> _DATA BELOW_:

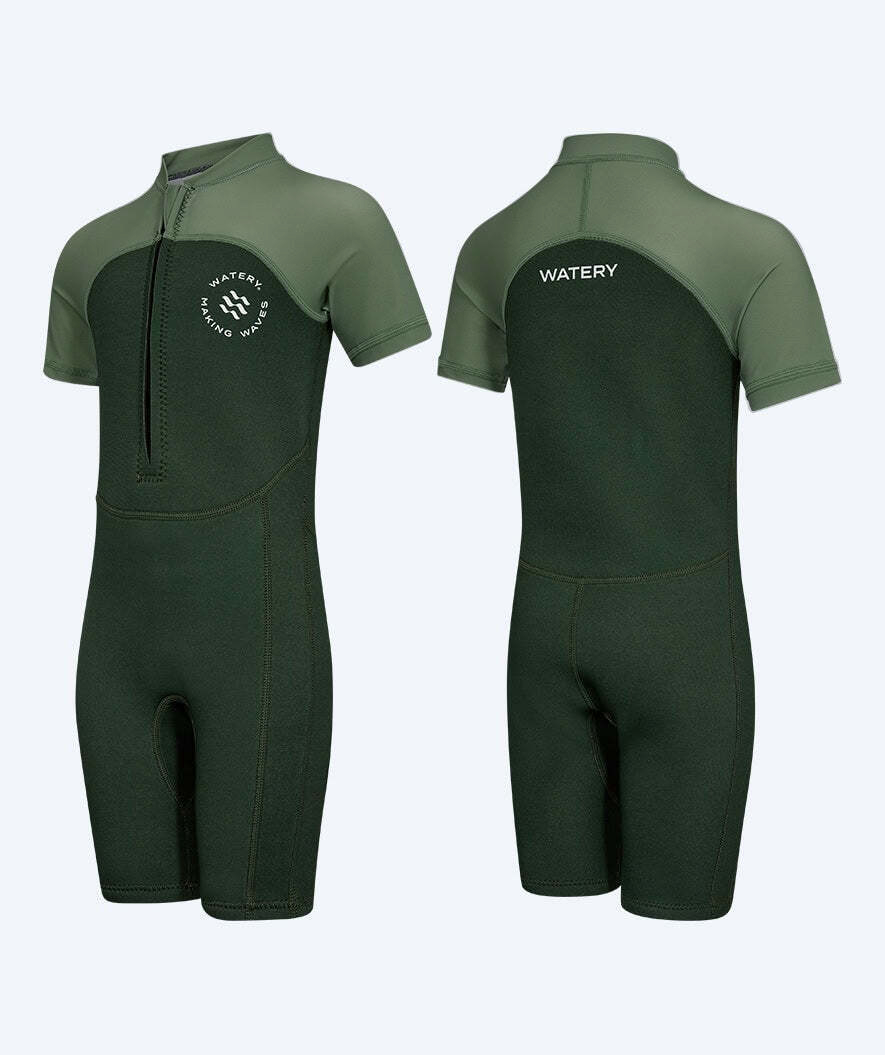 Watery kind UV wetsuit - Calypso Shorty - Groen/lichtgroen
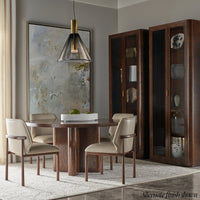 Curio cabinet in dining room with alternate finish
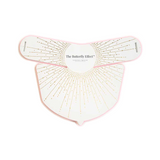 The Vanessa Megan The Butterfly Effect Medical-Grade Silicone LED Neck Mask features a white, abstract butterfly-shaped design with gold dotted lines, trimmed in pink for a chic look, perfect for at-home skincare treatments.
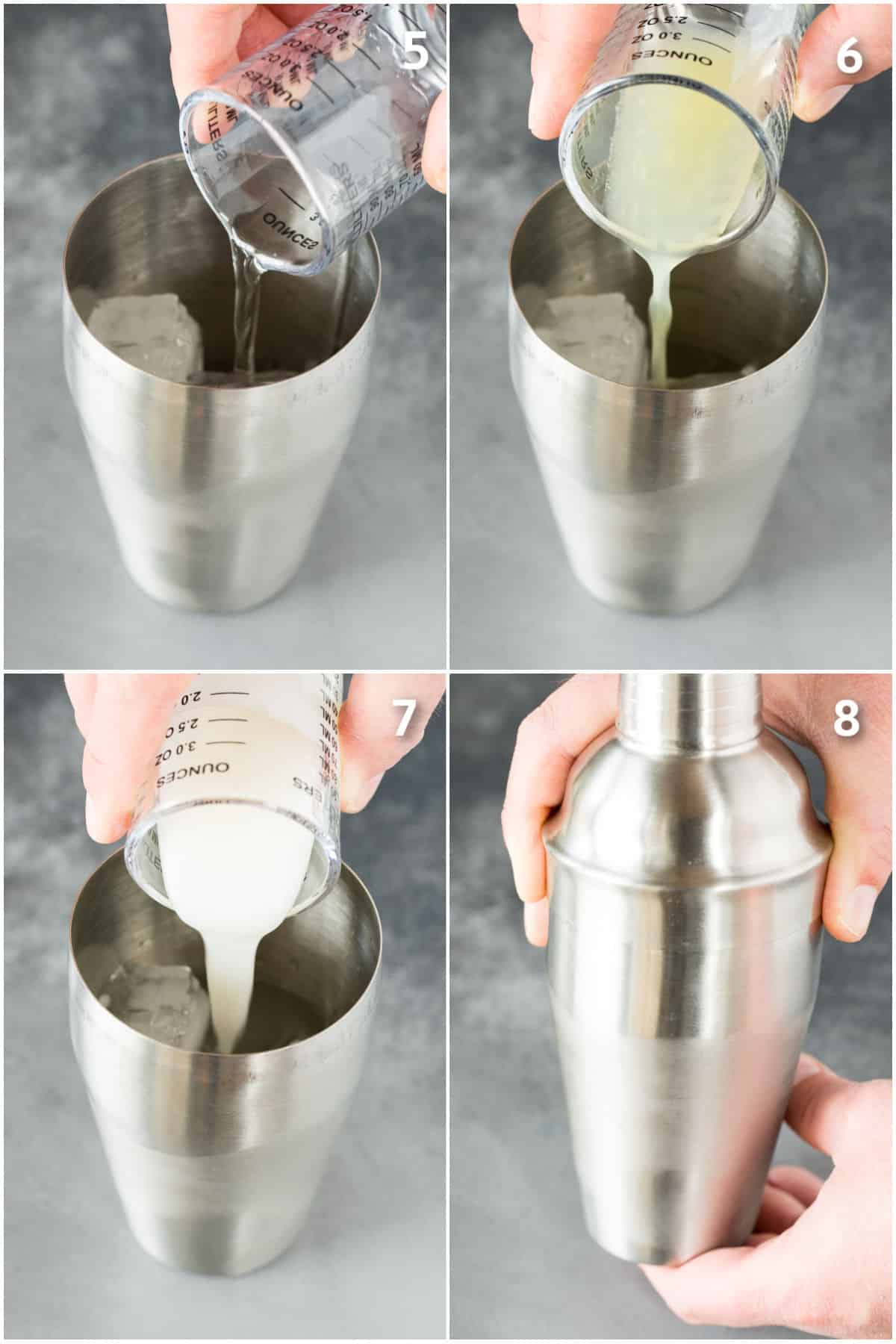 Triple sec, lime juice and coconut cream going into a cocktail shaker.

> _WHAT YOU ARE ASKED TO DO_:
Make an exact copy of the listing, with no images in it.

> _RESULT FOR THIS EXERCISE_:
 Watery kind UV wetsuit - Calypso Shorty - Groen/lichtgroen
 Curio cabinet in dining room with alternate finish
 The Vanessa Megan The Butterfly Effect Medical-Grade Silicone LED Neck Mask features a white, abstract butterfly-shaped design with gold dotted lines, trimmed in pink for a chic look, perfect for at-home skincare treatments.
 Triple sec, lime juice and coconut cream going into a cocktail shaker.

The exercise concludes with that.